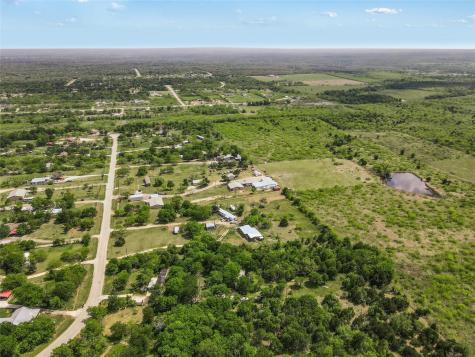 129 Lytton Acres Drive Dale TX 78616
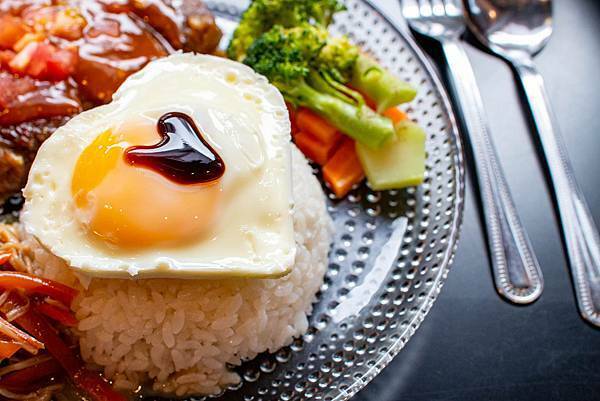 【三重美食】時光寄憶早午餐-珍珠奶茶早午餐!別的地方吃不到的特色餐點!三重捷運站三號出口旁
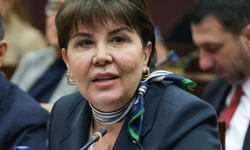 EBB Meclis Üyesi İnci Şentuna’dan 25 Kasım mesajı: “Bir kadının sesi kısılırsa, toplumun vicdanı karanlığa gömülür”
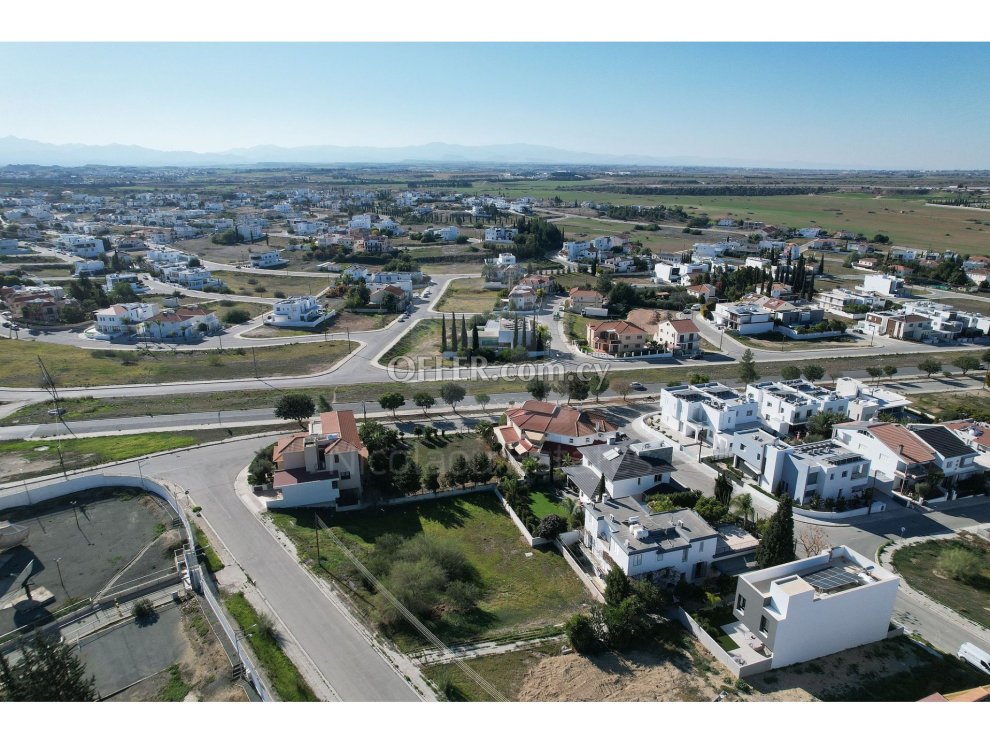 Residential plot in a quiet and attractive area in Archagelos in Lakatameia Municipality Nicosia - 1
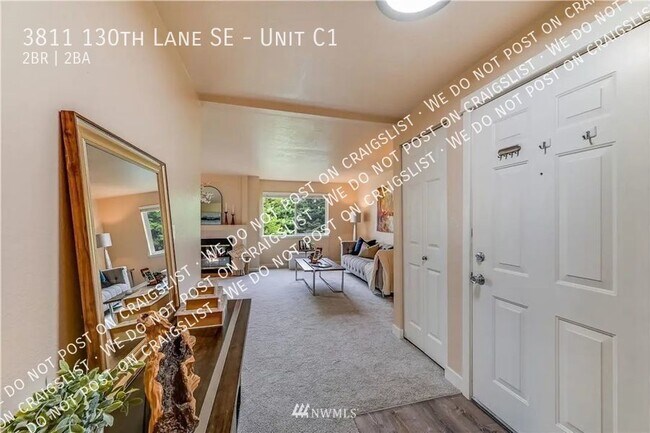 3811 130th Ln SE, Unit Unit C1 in Bellevue, WA - Building Photo - Building Photo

* EXERCISE DETAILS: What is needed is an exact repeat of only the lines from the one containing "EBB Meclis Üyesi" through the last line of the listing above, both ends included, without the pictures.

* RESPONSE BELOW:
 EBB Meclis Üyesi İnci Şentuna’dan 25 Kasım mesajı: “Bir kadının sesi kısılırsa, toplumun vicdanı karanlığa gömülür”
 Residential plot in a quiet and attractive area in Archagelos in Lakatameia Municipality Nicosia - 1
 3811 130th Ln SE, Unit Unit C1 in Bellevue, WA - Building Photo - Building Photo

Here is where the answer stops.